A castaway’s assertion that he was adrift in the Pacific for 14 months immediately fell under suspicion when the smiling, surprisingly healthy-looking man emerged to tell his story.
“I didn’t know the hour, nor the day, nor the date,” Jose Salvador Alvarenga, 37, told The Telegraph. “I only knew the sun and the night. … I never saw land. Pure ocean … pure ocean. It was very placid — only two days with big waves.”
Alvarenga said he and a 15-year-old named Ezekiel set off in a 24-foot fiberglass boat on a shark-fishing expedition from Mexico in December 2012. Ezekiel died about a month later after being unable to keep down raw food, Alvarenga said, and he pushed the teen’s body into the sea.

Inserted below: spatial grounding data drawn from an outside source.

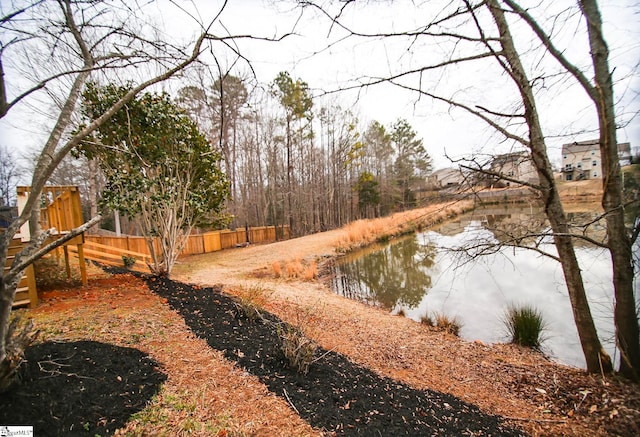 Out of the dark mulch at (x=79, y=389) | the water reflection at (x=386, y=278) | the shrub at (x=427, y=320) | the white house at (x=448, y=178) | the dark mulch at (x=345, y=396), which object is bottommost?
the water reflection at (x=386, y=278)

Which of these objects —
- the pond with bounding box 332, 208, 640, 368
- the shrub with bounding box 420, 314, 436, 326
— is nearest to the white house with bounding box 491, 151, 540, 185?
the pond with bounding box 332, 208, 640, 368

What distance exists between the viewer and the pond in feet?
9.39

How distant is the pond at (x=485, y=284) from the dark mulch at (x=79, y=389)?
273 centimetres

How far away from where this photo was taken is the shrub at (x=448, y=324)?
15.4 ft

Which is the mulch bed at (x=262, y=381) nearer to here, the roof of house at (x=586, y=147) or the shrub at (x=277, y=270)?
the roof of house at (x=586, y=147)

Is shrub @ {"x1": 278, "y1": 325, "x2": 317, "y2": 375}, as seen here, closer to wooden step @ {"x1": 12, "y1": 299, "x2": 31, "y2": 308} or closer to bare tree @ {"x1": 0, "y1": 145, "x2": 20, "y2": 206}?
wooden step @ {"x1": 12, "y1": 299, "x2": 31, "y2": 308}

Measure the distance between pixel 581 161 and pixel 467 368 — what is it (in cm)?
257

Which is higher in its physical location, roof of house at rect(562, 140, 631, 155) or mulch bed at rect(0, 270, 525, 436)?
roof of house at rect(562, 140, 631, 155)

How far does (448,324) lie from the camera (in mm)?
4770

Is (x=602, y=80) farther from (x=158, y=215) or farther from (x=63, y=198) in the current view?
(x=63, y=198)

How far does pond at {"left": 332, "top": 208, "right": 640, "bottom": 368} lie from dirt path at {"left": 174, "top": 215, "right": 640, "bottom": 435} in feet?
2.18

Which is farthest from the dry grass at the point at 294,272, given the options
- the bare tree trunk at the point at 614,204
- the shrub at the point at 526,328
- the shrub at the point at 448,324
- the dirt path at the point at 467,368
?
the bare tree trunk at the point at 614,204

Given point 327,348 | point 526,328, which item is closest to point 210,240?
point 327,348

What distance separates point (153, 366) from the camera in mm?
2346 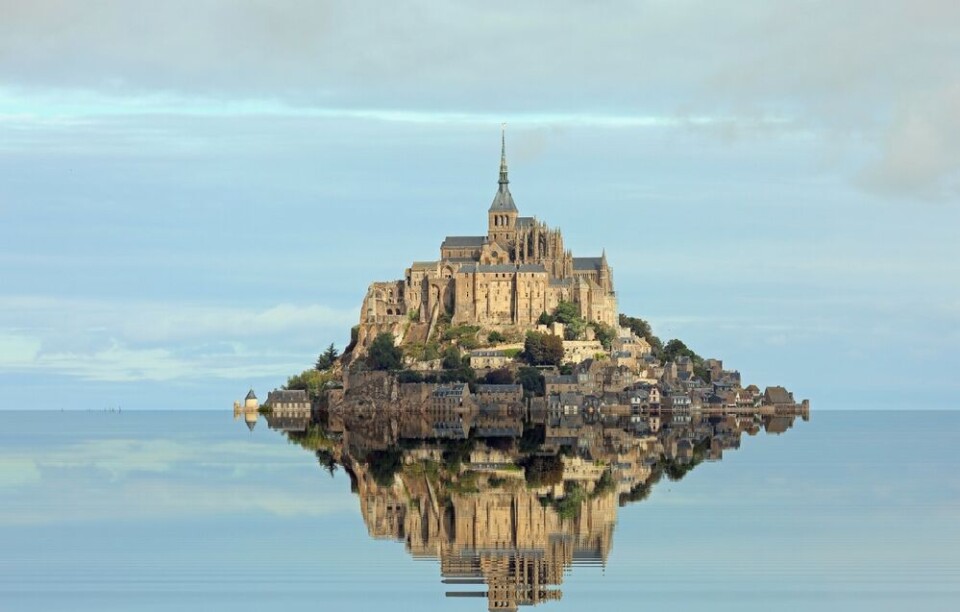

Suspicion about Alvarenga’s story has been growing since he came ashore in Majuro, the capital of the Marshall Islands atoll. In telling his story to the press, Alvarenga failed to remember basic details about his life and sometimes appeared to contradict himself.
Alvarenga said he lived off birds, turtles, fish and small sharks, which he would catch by putting one arm into the water as bait before grabbing the tail of the shark. He drank his urine for hydration, particularly during periods without rain.
Gee Bing, acting secretary of foreign affairs for the Marshall Islands, said he remained skeptical after meeting Alvarenga. He said some details of the castaway's story are sketchy, including the location of his departure from Mexico.
"It does sound like an incredible story, and I'm not sure if I believe his story,” Bing told the media. "When we saw him, he was not really thin, compared to other survivors in the past. I may have some doubts."